A faithful, picture-free copy of the listing below is required.
========================
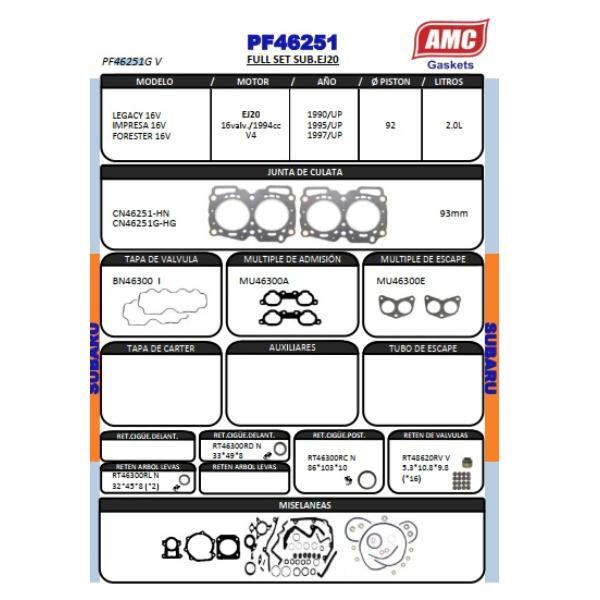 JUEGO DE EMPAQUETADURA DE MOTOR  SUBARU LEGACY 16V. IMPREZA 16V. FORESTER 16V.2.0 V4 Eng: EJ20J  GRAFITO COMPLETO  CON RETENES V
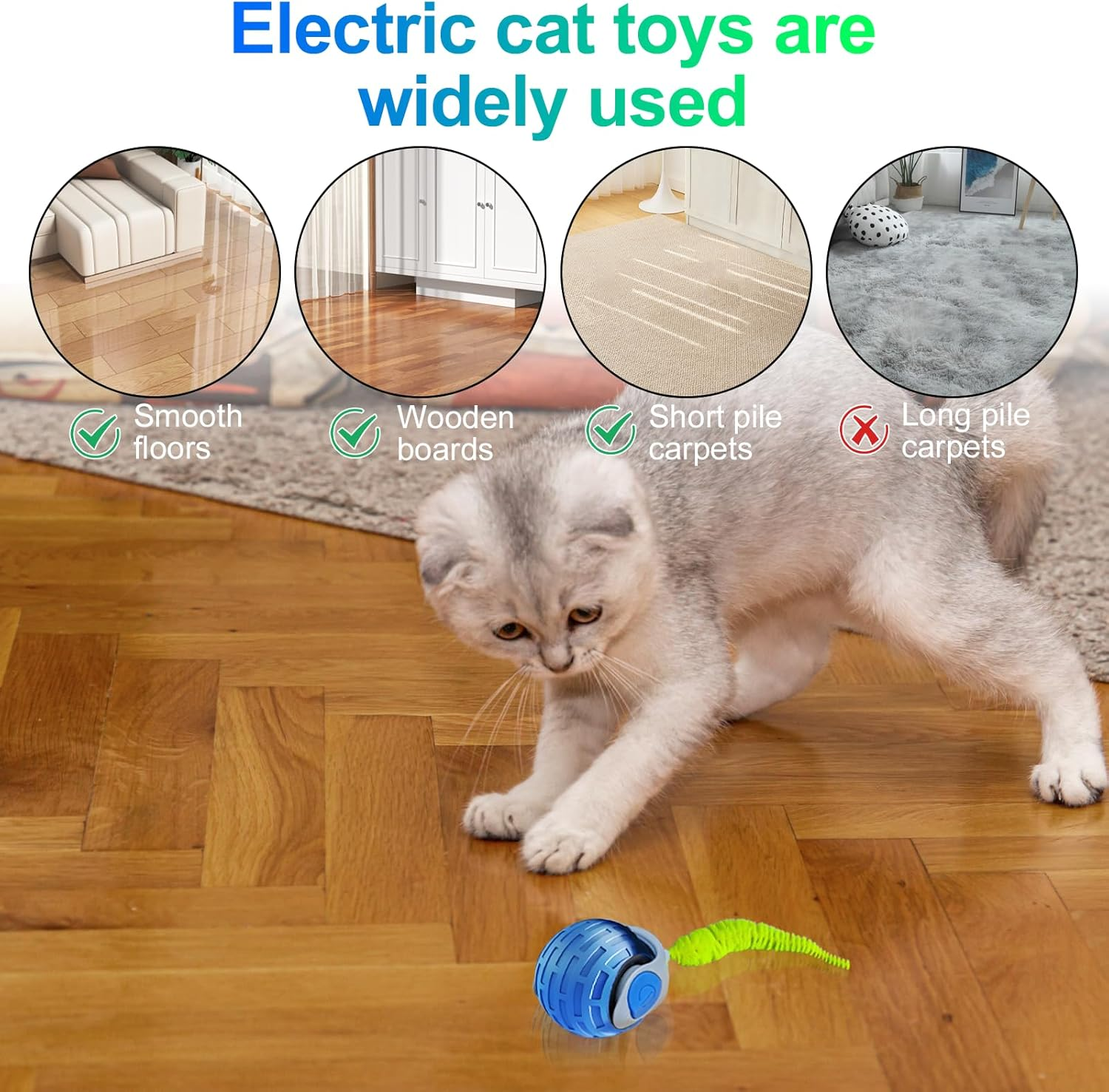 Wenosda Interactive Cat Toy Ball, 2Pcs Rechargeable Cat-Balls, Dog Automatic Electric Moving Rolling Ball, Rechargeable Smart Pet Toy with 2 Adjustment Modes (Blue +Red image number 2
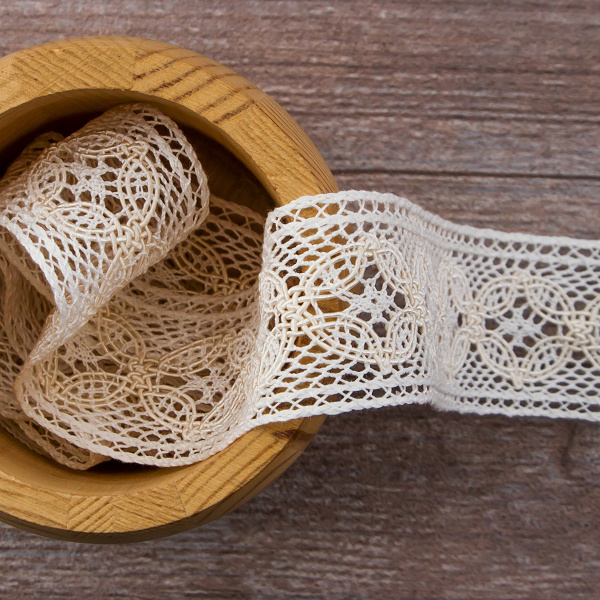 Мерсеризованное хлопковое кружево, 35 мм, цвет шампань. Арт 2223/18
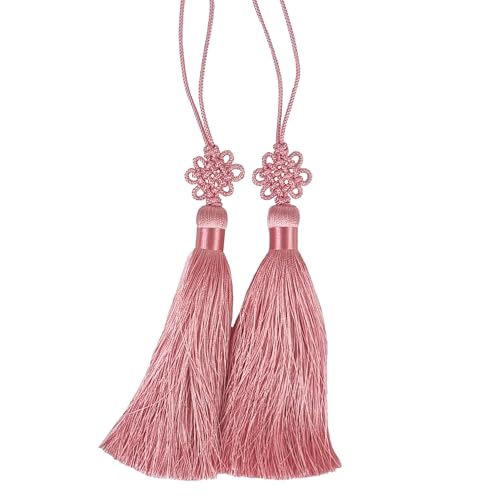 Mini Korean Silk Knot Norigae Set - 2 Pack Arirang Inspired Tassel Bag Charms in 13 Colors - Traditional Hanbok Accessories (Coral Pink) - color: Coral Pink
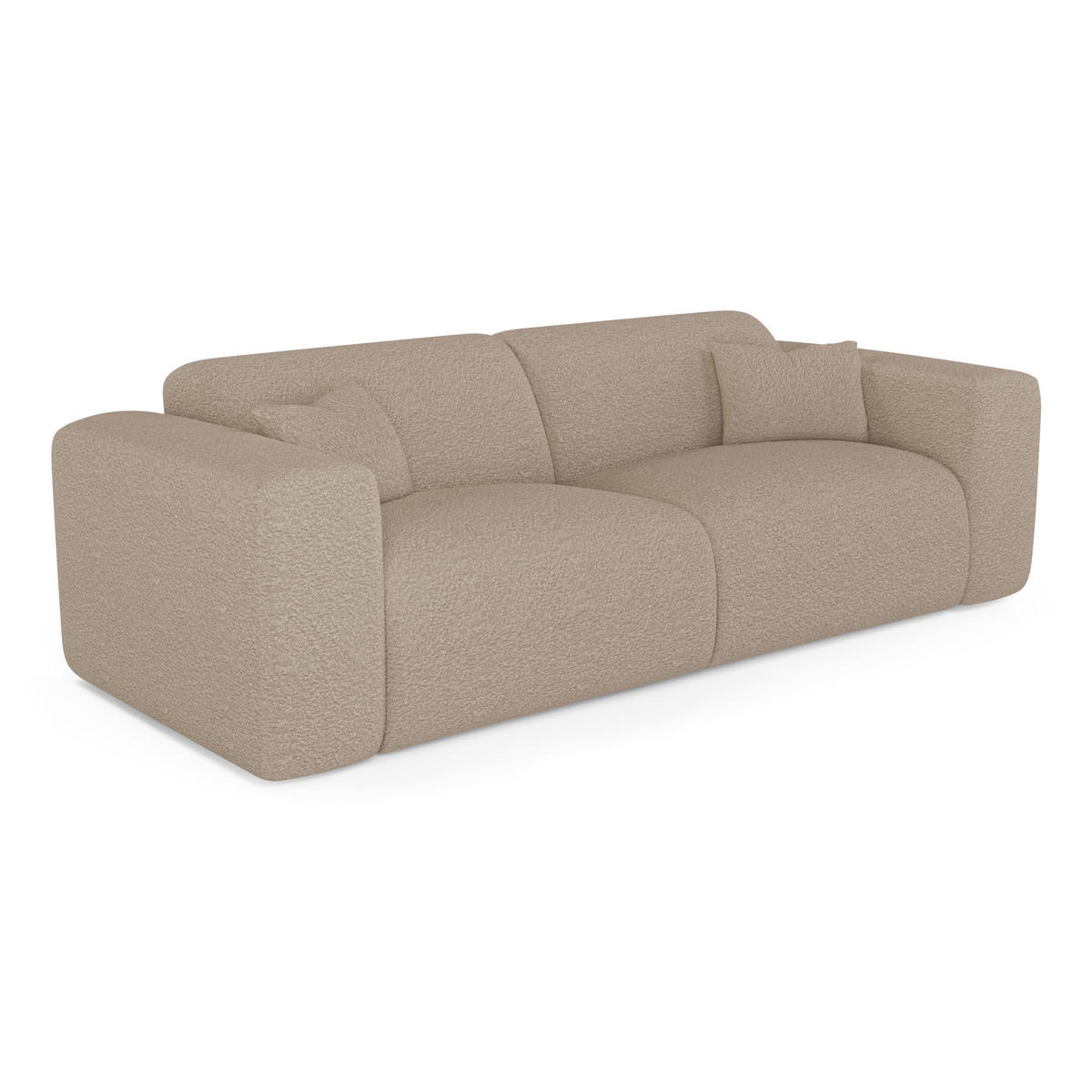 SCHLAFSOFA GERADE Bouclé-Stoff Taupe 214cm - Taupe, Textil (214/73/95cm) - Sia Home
========================
EXERCISE OUTPUT:
 JUEGO DE EMPAQUETADURA DE MOTOR  SUBARU LEGACY 16V. IMPREZA 16V. FORESTER 16V.2.0 V4 Eng: EJ20J  GRAFITO COMPLETO  CON RETENES V
 Wenosda Interactive Cat Toy Ball, 2Pcs Rechargeable Cat-Balls, Dog Automatic Electric Moving Rolling Ball, Rechargeable Smart Pet Toy with 2 Adjustment Modes (Blue +Red image number 2
 Мерсеризованное хлопковое кружево, 35 мм, цвет шампань. Арт 2223/18
 Mini Korean Silk Knot Norigae Set - 2 Pack Arirang Inspired Tassel Bag Charms in 13 Colors - Traditional Hanbok Accessories (Coral Pink) - color: Coral Pink
 SCHLAFSOFA GERADE Bouclé-Stoff Taupe 214cm - Taupe, Textil (214/73/95cm) - Sia Home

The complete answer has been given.